Monaco parcel bomb injures three in cross-border manhunt
A booby-trapped parcel ripped through a Monaco building lobby, leaving a child and two adults badly hurt as police chased a suspect toward France.

Monaco police and French gendarmes launched a cross-border manhunt after a parcel bomb tore through a residential building near Place des Moulins, just above the Monaco-France border, and seriously injured three people, including a child. The blast went off at about 9:00 p.m. local time on June 29, 2026, in a country that markets itself as exceptionally safe and where officials said they had never seen an attack like this before.
Monaco’s prosecutor general, Stéphane Thibault, said the case was being investigated as attempted murder, not terrorism. Authorities said the suspect left a bag or package in the lobby or entrance before fleeing toward Beausoleil, France, and the Monaco government said video surveillance captured a suspect escaping in that direction.
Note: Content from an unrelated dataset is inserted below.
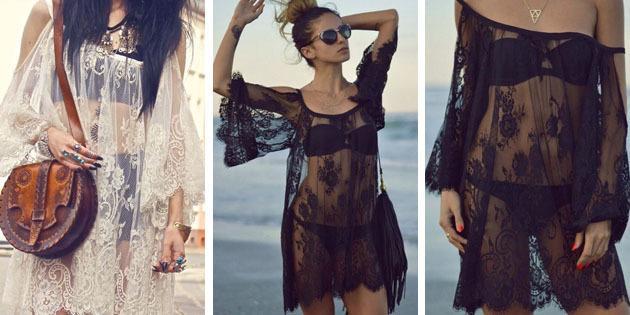Strandkleider: Lace Kleid mit weiten Ärmeln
Dozens of officers were deployed on both sides of the border as the area was cordoned off and forensic teams moved in.

Officials described the device as a parcel bomb or booby-trapped package that apparently contained bolts and buckshot. Two adults were in critical or life-threatening condition, while the child, described by authorities as a teenager and likely related to the couple, had lighter injuries. Monaco emergency services also treated additional people for shock and cuts from shattered glass, and the wounded were taken to a hospital in Nice, France.
Prince Albert II condemned the blast as a heinous criminal act and said it was a shock to the entire Monégasque community. Christophe Mirmand, Monaco’s minister of state, said he was unaware of any specific threats and described the victims as appearing relaxed and taking no special precautions before the explosion.
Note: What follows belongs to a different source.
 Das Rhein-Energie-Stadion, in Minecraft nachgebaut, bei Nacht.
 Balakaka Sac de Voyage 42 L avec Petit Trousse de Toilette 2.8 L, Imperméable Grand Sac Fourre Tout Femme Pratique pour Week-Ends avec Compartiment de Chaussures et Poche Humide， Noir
Authorities said they had not determined the victims’ identities or nationality, but several accounts identified one of the wounded as Ukrainian-born businessman Vadym Yermolaiev, a wealthy real-estate developer from Dnipro who later became a Cypriot citizen. Ukraine sanctioned Yermolaiev in December 2023 over allegations tied to business in Russian-occupied Crimea, which he denied.
The distinction between a personal attack, an organized-crime spillover, or a security failure carries immediate weight in Monaco, where tight controls and a reputation for order are part of the principality’s public identity. For investigators, the manhunt now stretches beyond one building entrance to a broader question: how an explosive package reached a residential lobby in one of Europe’s most closely watched enclaves.